Now, this is a question I get asked a lot – and for a long time struggled to articulate a decent answer!
In many ways Pilates and Yoga are similar, and many people assume that the forms of movement are from the same category. But they have some key differences.
Firstly, yoga is an ancient form of movement, developed in India thousands of years ago. Yoga uses movements as steps and stages to enhance spiritual enlightenment, self knowledge and wisdom.
Pilates is a relative new form of movement. Developed by Joseph Pilates in the mid 20th century to develop strength and for rehabilitation of poor posture.
In yoga, you will work large muscle groups, focus on balance, endurance, and strength. Yoga has more of a focus on flexibility. Participants of yoga do find that their flexibility improves with regular practise.
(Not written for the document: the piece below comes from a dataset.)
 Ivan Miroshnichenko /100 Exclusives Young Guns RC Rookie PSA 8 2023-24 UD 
Pilates movement will develop strength, increase muscle tone, body control and flexibility and has a focus on alignment and core stability. In Pilates, you work on strengthening the deep abdominals which helps to stabilise your core and spine, reducing back pain and the chance of injury. In Pilates, movement through the entire spine is taught, so that people can move freely through all planes of movement.
Mind / Body
In both forms of exercise, there is a strong connection between body and mind. Joseph Pilates taught his clients about using the mind to control the body. His original practice he named ‘Controlology’.
Although with yoga, there is also the spiritual element, especially through mediation. Yoga has shown to lower the levels of stress hormone cortisol.
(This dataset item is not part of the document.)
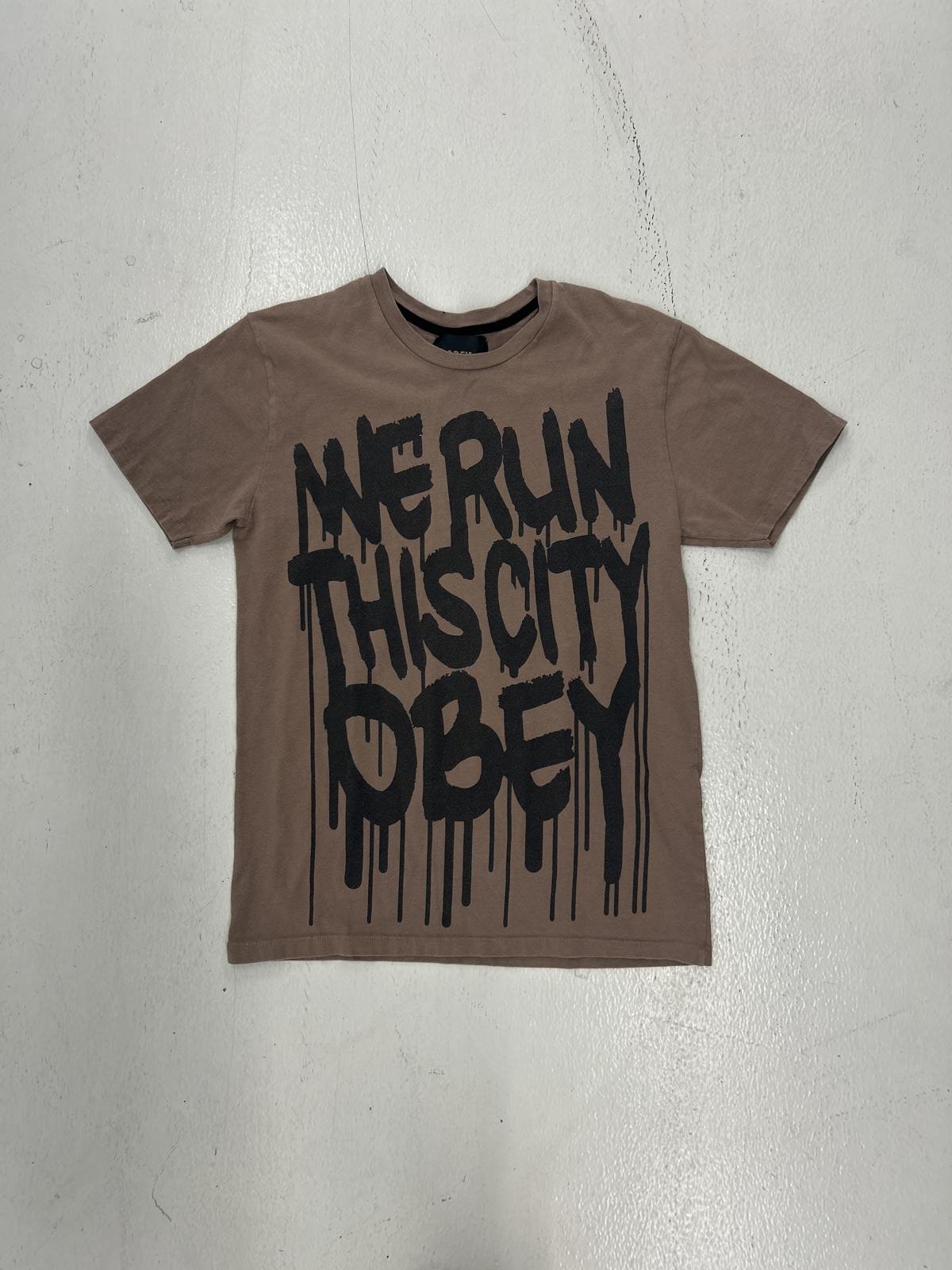 Trendy Graphic Tee - 'ME RUN THIS CITY' Obey Shirt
I think both yoga and pilates are beneficial to the mind and spirit. Taking time to focus your mind and slow down a little is good for you.
Generally, you won’t find your heart pumping hard in either yoga or Pilates, although power yoga might give you the feeling of a brisk walk.
In Pilates, you learn how to align your body well and consider good posture. I’ve heard people claim that Pilates will lengthen your muscles. This isn’t exactly right, but when the core is strong, people can hold themselves tall which gives the body a long lean look.
I hope these few ideas help you to clarify the differences. I think that different people are drawn to different styles of movement. Not one is better than the other. It all comes down to connecting with your instructor, finding movement that feels right for you and progressing in the areas you are working on.